The Illusions of David Miliband

Politics is in flux and everything is up in the air, but the shifts and winding patterns of the last few years have nevertheless established two eternal truths. Back bench Tories talking a good rebellion but tripping over themselves to capitulate is one of them. And the other is the studied refusal of what was the establishment centre left to reconcile themselves with Jeremy Corbyn's leadership of the Labour Party. And lo as Westminster has broken up for the Christmas hols and the immediate pressure of the government's shambles dissipates, filling the void comes an avalanche of whingeing and belly aching about, you guessed it, Jeremy Corbyn.

Complementing my warm desire for a slap up dinner and a mince pie this morning was the wisdom of one David Miliband. You'll remember him, the former cabinet minister once touted as the heir to Blair, but dithered and was seen to be dithering over a coup against the blessed Gordon Brown. The man, we were told, who would have won us the 2015 general election - even though he spectacularly failed to win a leadership contest stacked in his favour, and that Labour's contact rate in his own South Shields constituency stood at an impressive 0.5% after departing office. You see, the legend of David Miliband is entirely fictional. Apart from his Macron-levels of arrogance there was nothing to commend him, and his reputation is a phantasm of wish fulfillment concocted by others. An exercise, if you will, in centrist fantasising.

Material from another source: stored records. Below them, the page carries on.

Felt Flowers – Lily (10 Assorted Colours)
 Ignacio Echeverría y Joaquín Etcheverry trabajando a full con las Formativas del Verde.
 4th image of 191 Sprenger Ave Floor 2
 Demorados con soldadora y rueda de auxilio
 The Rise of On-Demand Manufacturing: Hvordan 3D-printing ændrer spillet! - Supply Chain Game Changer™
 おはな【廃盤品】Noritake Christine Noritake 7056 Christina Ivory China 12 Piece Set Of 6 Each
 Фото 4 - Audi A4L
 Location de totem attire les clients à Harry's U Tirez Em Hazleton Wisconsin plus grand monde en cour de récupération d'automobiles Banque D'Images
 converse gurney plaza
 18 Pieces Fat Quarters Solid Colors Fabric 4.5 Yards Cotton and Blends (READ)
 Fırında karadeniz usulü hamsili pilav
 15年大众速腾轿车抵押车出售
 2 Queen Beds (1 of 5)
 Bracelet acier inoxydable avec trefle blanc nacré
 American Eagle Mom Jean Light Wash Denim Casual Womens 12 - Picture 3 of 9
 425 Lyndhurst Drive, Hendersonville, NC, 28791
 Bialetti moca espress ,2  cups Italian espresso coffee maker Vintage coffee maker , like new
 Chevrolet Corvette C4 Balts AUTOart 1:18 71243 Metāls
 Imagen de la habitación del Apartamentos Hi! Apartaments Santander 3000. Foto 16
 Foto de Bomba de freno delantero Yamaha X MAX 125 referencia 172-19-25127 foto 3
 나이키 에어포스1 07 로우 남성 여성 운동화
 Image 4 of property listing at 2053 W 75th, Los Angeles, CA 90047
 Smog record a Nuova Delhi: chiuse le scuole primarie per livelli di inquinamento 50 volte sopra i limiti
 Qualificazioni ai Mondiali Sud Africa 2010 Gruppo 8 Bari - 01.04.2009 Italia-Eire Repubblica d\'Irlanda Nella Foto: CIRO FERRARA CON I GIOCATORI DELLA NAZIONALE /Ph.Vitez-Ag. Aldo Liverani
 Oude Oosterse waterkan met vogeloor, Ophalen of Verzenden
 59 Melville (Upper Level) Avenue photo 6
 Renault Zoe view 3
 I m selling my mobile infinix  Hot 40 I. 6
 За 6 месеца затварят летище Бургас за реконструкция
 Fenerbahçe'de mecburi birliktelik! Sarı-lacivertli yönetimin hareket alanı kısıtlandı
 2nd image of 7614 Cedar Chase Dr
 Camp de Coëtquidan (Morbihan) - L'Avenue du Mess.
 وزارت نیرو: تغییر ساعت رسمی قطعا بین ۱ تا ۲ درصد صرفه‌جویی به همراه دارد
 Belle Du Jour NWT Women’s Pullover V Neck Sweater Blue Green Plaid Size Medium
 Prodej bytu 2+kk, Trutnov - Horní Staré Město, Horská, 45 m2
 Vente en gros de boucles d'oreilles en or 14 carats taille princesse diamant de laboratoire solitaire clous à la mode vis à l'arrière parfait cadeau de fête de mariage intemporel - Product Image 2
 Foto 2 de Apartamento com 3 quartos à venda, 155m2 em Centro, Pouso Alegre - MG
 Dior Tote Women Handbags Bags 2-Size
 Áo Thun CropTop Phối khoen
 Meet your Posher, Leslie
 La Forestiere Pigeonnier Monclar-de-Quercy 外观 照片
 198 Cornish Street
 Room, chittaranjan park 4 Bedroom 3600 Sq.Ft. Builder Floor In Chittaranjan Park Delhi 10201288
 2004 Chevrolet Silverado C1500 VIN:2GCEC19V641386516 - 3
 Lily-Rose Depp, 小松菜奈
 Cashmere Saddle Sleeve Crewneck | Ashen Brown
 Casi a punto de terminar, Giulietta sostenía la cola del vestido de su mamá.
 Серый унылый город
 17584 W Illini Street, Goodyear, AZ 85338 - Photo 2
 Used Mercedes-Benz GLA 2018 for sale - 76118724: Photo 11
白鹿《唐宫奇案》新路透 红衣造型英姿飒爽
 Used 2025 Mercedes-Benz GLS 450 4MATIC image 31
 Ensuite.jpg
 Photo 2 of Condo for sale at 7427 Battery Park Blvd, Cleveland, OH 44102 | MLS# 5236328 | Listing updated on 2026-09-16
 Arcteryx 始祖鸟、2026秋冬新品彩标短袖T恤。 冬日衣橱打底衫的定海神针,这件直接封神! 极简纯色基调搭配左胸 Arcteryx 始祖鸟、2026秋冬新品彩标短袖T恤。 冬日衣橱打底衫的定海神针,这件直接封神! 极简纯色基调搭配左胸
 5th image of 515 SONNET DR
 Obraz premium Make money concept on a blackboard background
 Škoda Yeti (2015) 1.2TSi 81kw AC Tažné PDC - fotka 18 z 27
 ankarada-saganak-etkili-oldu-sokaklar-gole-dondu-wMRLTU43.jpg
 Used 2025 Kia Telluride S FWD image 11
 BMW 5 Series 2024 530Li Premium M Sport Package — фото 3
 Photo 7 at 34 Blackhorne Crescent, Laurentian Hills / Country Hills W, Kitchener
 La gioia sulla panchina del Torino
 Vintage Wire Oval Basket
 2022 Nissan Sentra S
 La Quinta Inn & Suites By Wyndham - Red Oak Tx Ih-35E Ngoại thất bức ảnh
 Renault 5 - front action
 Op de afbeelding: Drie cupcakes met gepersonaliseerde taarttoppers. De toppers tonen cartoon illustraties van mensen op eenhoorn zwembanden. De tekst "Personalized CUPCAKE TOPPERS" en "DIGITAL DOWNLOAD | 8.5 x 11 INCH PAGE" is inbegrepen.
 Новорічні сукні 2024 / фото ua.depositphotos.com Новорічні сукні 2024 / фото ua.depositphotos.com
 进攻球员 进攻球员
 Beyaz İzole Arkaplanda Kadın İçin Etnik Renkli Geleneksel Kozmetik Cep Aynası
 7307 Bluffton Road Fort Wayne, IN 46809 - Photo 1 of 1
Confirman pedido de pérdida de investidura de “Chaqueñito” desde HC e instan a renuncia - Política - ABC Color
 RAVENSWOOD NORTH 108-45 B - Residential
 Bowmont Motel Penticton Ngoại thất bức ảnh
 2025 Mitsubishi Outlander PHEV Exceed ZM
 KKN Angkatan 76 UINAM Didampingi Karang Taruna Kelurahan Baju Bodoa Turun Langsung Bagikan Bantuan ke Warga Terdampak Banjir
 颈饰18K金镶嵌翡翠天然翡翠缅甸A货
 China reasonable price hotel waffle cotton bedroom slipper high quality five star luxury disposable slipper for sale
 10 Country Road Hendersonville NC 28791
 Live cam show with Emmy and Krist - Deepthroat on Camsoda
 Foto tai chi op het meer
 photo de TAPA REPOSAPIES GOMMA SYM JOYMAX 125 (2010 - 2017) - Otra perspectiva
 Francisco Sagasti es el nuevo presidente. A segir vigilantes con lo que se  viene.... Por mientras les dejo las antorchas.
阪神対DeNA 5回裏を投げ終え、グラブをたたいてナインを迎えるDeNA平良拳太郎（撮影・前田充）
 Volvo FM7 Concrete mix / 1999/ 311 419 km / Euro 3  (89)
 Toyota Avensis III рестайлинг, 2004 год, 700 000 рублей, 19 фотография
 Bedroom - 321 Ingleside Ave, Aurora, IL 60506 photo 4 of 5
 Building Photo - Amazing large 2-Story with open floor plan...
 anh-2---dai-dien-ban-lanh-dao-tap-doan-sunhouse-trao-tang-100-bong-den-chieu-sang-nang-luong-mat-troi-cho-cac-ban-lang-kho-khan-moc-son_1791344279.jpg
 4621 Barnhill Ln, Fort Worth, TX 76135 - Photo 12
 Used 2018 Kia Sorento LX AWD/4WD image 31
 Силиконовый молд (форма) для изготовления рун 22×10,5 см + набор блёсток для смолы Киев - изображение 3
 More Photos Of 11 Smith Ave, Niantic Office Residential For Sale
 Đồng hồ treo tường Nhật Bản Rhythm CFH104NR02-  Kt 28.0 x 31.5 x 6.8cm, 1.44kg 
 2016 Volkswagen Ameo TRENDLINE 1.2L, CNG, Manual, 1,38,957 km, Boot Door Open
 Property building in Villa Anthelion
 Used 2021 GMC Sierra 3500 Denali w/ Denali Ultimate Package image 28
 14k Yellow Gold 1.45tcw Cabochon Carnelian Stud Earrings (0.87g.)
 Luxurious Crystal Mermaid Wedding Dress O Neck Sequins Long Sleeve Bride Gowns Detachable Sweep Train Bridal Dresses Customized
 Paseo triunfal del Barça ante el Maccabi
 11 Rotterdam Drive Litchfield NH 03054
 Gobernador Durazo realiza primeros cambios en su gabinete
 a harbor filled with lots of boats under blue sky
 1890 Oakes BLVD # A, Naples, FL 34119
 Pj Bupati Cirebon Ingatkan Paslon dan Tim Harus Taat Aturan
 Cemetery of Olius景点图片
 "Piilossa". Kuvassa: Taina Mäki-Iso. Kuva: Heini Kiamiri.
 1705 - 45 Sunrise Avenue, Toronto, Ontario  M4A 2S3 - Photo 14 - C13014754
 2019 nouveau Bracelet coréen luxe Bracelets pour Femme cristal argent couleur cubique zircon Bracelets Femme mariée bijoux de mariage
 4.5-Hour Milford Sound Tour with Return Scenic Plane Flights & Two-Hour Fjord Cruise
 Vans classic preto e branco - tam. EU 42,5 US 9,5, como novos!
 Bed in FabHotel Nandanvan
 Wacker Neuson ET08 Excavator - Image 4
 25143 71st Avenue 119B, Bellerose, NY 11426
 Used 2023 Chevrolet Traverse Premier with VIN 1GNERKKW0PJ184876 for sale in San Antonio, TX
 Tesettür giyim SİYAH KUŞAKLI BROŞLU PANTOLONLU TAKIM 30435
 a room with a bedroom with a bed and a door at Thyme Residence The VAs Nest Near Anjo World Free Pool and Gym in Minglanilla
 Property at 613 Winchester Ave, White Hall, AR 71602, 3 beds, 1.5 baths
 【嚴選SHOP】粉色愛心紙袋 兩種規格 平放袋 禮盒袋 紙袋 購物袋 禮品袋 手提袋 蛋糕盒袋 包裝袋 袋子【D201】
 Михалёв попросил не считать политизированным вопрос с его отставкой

Fantasy is apt when we consider his grand intervention into the Brexit debate. It's almost as if there are two Labour Brexit strategies: the one that really exists, which bases Brexit on a customs union with the European Union and a trade deal with single market access, and the one entirely made up by the galaxy brain of David Miliband. For Labour-loyal comrades without my sunny disposition, I'm sure the headline, 'Corbyn has given up on Europe. For the good of Britain, we cannot' and the blurb, "As Labour subscribes to the government’s dangerous Brexit fantasies, a people’s vote is now the only way to ensure stability" would have been enough for the red mist to descend. But let's be generous and put this topping down to the sub-editing. And we can afford to be because there's enough evidence here to convict the Prince Across the Water with dishonesty, performative ignorance, and downright nincompoopery.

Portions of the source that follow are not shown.